Seizure: For the birds

The U.S. Drug Enforcement Agency has flexed its "zero tolerance" muscles in an effort to protect Americans from THC – the psychoactive component of marijuana – by halting a truckload of sterile, and, for all intents and purposes, THC-free hemp seeds on their way to a birdseed manufacturer in Baltimore.

Seventeen tons of seed have been sitting in a metro Detroit warehouse since the shipment from Canada was seized in early August. Meanwhile, the Canadian and United States hemp industries are left to wonder what impact this action will have on their business.

Jean Laprise, owner of Kenex Ltd. in Chatham, Ontario, and producer of the confiscated hemp seeds, is flabbergasted by this entanglement in an otherwise smooth re-emergence of the Canadian hemp industry. Canada endorsed the growing of industrial hemp almost a year and a half ago.

Since then, Kenex has been delivering shipments of hemp seeds, cosmetic- and food-grade oil and horse bedding to customers across the United States. U.S. Customs first demanded that Kenex turn over its records and recall shipments as far back as 1998, or face a fine in excess of $500,000.

This is impossible, laments Laprise in a recent New York Times article, because the products have been used. How can you recall hemp seeds, an essential ingredient in the popular Nutiva hemp bar, that were already consumed?

Conditions for release of the seeds, valued at $25,000, have apparently now changed. According to Laprise, the DEA notified him last week that in exchange for releasing the hemp seeds, Kenex must pay a seizure cost between $5,000 and $10,000 and sign a "hold harmless" agreement, which basically says the government agencies did nothing wrong and they can’t be sued at a later date. But even then, Laprise says Kenex has no guarantee future shipments will not be stopped at the border.

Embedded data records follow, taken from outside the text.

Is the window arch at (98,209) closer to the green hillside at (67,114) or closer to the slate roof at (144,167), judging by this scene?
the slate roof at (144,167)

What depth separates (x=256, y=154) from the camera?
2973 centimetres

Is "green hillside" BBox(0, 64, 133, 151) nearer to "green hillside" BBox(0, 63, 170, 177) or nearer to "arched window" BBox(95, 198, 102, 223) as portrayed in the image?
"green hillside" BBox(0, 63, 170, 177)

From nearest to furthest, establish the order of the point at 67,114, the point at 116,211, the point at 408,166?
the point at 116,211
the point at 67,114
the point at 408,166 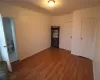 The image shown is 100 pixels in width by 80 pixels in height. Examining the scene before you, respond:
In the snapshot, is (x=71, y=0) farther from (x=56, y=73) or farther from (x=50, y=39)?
(x=50, y=39)

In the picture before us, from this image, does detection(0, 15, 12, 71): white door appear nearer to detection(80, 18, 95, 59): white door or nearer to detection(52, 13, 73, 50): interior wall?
detection(80, 18, 95, 59): white door

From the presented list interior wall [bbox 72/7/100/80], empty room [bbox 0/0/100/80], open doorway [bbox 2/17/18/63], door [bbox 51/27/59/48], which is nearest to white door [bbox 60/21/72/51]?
empty room [bbox 0/0/100/80]

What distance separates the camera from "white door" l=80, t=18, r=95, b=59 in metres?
3.47

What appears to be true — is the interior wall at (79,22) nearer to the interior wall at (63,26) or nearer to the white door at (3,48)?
the interior wall at (63,26)

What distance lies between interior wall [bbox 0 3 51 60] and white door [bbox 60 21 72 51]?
122 cm

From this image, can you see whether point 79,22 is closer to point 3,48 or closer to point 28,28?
point 28,28

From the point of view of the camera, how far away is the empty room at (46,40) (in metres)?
2.50

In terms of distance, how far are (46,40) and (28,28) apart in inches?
77.5

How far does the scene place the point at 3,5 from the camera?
8.84ft

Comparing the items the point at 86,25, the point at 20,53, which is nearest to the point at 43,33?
the point at 20,53

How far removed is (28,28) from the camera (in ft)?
12.6

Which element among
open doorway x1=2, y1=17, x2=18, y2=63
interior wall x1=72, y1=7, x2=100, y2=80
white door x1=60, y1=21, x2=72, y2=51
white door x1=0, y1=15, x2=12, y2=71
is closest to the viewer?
white door x1=0, y1=15, x2=12, y2=71

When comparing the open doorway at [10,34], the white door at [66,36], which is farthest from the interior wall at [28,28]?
the white door at [66,36]

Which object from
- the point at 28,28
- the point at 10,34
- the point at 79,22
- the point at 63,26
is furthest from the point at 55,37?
the point at 10,34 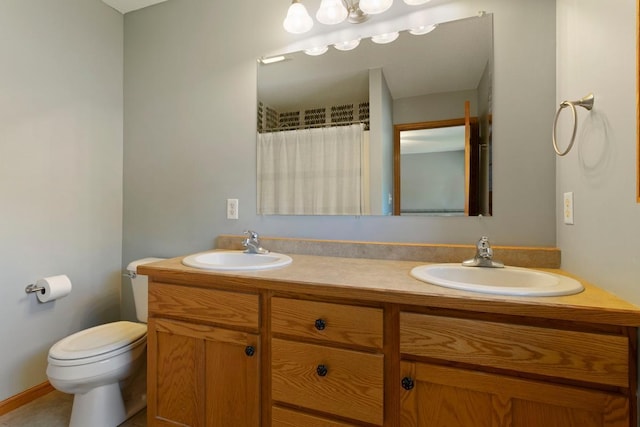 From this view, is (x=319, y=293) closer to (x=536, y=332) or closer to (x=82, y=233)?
(x=536, y=332)

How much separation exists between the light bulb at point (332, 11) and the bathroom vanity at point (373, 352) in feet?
3.98

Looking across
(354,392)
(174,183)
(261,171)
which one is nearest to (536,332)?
(354,392)

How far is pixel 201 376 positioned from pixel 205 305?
283 mm

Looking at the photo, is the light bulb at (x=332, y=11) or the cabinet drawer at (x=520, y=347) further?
the light bulb at (x=332, y=11)

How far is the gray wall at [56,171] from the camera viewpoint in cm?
155

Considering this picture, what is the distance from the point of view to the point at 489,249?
120 centimetres

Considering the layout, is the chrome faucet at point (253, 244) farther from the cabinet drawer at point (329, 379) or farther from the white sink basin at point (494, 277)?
the white sink basin at point (494, 277)

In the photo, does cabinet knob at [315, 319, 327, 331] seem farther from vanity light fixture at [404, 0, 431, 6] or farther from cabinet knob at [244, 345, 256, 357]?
vanity light fixture at [404, 0, 431, 6]

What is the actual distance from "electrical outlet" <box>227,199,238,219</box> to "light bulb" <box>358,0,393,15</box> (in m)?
1.22

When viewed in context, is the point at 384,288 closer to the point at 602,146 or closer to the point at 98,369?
the point at 602,146

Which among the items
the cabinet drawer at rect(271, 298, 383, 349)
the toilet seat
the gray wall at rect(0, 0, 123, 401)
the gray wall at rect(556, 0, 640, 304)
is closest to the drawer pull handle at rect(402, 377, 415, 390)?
the cabinet drawer at rect(271, 298, 383, 349)

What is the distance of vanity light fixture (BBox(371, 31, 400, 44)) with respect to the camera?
1481 millimetres

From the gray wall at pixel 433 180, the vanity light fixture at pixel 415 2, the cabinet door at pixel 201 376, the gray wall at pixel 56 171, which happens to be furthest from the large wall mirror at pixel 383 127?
the gray wall at pixel 56 171

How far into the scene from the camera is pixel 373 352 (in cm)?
95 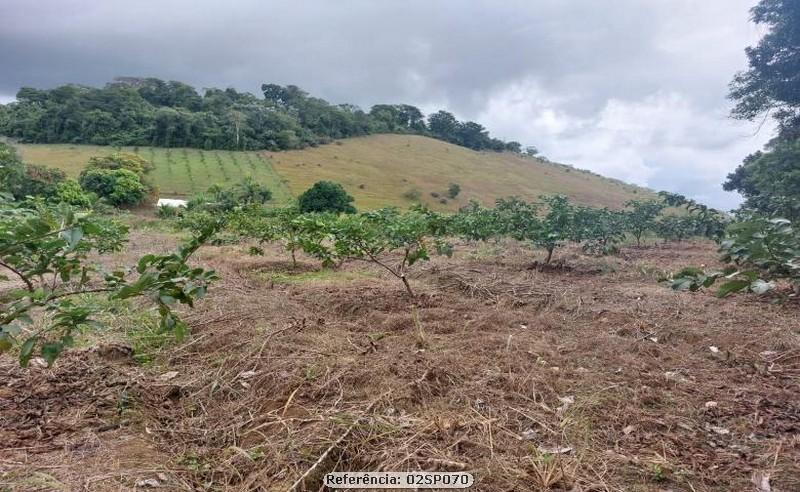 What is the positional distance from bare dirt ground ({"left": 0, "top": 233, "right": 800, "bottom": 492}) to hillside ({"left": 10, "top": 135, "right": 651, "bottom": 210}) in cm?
3038

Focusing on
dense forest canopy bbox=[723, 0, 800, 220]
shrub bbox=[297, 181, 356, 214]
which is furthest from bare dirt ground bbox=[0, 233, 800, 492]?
shrub bbox=[297, 181, 356, 214]

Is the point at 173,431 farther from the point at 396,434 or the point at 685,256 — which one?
the point at 685,256

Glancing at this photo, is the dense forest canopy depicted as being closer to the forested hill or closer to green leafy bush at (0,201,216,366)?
green leafy bush at (0,201,216,366)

"Those are unacceptable conditions that we are being forced to accept, under protest," Laprise says. The DEA gave the orders to U.S. Customs officials to seize the shipment, based on the notion that industrial hemp seeds may be "contaminated" with THC, the component necessary to get high from smoking marijuana. Canadian grade industrial hemp is regulated to 0.3 percent THC; commercial pot generally has 8 percent to 20 percent THC.

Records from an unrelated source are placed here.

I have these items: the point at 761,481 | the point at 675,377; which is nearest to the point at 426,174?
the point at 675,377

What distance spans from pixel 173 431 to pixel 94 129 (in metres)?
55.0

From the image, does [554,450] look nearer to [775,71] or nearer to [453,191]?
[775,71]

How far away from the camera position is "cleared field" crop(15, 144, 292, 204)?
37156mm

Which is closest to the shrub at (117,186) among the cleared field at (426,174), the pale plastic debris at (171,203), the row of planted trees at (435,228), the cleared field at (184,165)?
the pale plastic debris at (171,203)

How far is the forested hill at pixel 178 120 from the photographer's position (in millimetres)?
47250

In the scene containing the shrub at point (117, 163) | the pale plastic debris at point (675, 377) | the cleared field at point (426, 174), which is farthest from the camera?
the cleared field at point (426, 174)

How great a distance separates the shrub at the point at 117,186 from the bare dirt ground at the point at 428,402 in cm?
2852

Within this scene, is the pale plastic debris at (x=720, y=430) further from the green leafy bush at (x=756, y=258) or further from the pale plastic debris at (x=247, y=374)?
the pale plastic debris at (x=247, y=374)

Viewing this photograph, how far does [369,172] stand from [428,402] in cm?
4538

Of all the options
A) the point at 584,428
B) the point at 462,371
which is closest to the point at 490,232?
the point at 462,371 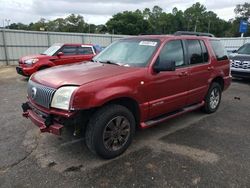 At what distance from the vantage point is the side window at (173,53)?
13.9ft

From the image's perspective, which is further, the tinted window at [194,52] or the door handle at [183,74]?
the tinted window at [194,52]

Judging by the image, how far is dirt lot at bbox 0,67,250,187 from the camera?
3.11 meters

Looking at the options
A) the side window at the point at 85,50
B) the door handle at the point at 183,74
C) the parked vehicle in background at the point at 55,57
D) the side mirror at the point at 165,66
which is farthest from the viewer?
the side window at the point at 85,50

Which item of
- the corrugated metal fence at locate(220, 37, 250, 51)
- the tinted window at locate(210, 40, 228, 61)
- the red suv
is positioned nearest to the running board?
the red suv

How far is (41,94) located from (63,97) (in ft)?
1.59

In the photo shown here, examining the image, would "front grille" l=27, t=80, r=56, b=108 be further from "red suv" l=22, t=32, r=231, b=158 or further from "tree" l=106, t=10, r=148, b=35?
"tree" l=106, t=10, r=148, b=35

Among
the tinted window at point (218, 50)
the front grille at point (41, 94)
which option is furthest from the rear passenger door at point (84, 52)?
the front grille at point (41, 94)

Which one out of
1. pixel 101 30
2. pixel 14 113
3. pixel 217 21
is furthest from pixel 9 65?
pixel 217 21

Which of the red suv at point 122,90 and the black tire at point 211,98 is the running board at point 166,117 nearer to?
the red suv at point 122,90

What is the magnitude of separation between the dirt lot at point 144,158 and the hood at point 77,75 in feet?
3.82

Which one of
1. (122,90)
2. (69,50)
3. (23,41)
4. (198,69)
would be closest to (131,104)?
(122,90)

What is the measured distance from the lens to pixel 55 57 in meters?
10.4

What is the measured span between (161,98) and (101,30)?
77.8 m

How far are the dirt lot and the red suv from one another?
0.37 m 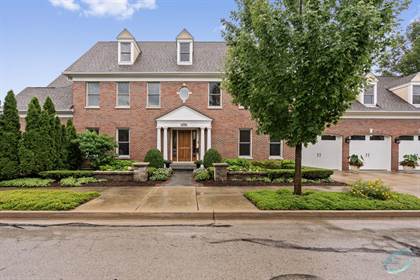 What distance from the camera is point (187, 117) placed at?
1683cm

In a statement, the DEA asserted the U.S. Controlled Substance Act of 1937 defines hemp as marijuana. Hemp advocates maintain that sterilized hemp seeds are specifically excluded from Schedule I classification of marijuana in the Controlled Substance Act.

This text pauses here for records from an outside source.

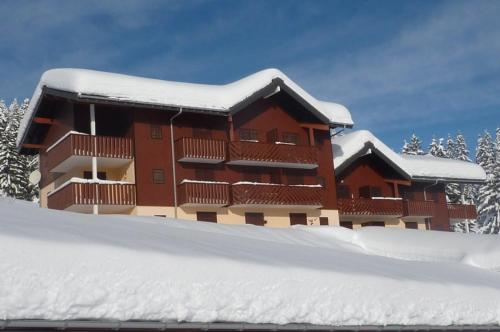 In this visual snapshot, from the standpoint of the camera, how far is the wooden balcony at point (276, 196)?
30.8 meters

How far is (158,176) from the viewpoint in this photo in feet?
97.7

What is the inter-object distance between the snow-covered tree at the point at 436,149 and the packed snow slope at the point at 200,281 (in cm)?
5455

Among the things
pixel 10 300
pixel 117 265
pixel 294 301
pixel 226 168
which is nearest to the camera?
pixel 10 300

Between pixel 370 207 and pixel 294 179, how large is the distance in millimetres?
5613

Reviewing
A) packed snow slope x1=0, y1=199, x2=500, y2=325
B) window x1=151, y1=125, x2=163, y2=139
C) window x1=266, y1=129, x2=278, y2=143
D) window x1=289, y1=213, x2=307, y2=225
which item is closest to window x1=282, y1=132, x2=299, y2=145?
window x1=266, y1=129, x2=278, y2=143

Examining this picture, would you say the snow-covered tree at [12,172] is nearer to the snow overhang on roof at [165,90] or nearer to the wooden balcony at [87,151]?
the snow overhang on roof at [165,90]

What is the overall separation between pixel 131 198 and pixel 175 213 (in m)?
2.16

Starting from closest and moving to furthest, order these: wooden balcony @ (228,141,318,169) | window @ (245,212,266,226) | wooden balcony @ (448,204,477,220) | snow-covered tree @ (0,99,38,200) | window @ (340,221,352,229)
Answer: wooden balcony @ (228,141,318,169)
window @ (245,212,266,226)
window @ (340,221,352,229)
wooden balcony @ (448,204,477,220)
snow-covered tree @ (0,99,38,200)

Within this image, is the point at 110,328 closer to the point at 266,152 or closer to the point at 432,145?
the point at 266,152

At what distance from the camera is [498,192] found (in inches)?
2468

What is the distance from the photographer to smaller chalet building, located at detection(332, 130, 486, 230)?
37531 millimetres

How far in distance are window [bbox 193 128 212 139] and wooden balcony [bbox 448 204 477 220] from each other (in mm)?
19102

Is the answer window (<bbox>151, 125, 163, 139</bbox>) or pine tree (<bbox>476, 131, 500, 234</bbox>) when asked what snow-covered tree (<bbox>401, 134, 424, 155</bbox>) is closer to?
pine tree (<bbox>476, 131, 500, 234</bbox>)

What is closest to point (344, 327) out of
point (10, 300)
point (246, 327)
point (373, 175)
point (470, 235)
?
point (246, 327) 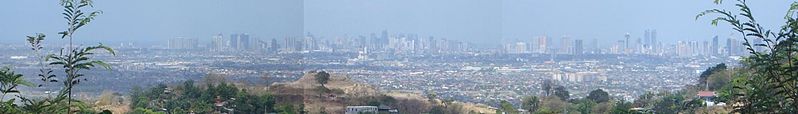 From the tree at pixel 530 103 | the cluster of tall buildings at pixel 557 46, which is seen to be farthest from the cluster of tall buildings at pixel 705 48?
the tree at pixel 530 103

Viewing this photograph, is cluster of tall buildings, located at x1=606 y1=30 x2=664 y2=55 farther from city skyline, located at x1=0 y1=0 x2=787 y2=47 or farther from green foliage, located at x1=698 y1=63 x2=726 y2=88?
green foliage, located at x1=698 y1=63 x2=726 y2=88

Industrial hemp seeds are also specifically highlighted in NAFTA as a legal U.S. import, hemp advocates say.

Industrial hemp has been imported for years from such countries as Britain, France, Germany, the Soviet Union, and lately Canada. Because hemp production is outlawed in the United States, importation is the only option available to American companies that use hemp products.

This move by the DEA is raising a ruckus in government circles in Canada. In a letter to Commissioner Raymond Kelley of the United States Customs Service, Canadian Minister Douglas Waddel expressed concern: "The treatment of this company, and in particular the lack of due process and the failure by the U.S. to follow normal Customs procedures, are matters of particular concern to Canadian authorities. Moreover, Canada considers this seizure action to be contrary to U.S. NAFTA and WTO obligations."

Some hemp entrepreneurs worry this incident will stymie the industrial hemp movement. Don Wirtshafter, founder of the Ohio Hempery, is quite disturbed about what happened.

"The (DEA) has shaken all confidence in the hemp and the hemp food industry," says Wirtshafter. "We were just at the point of success and they knocked our legs out from under us."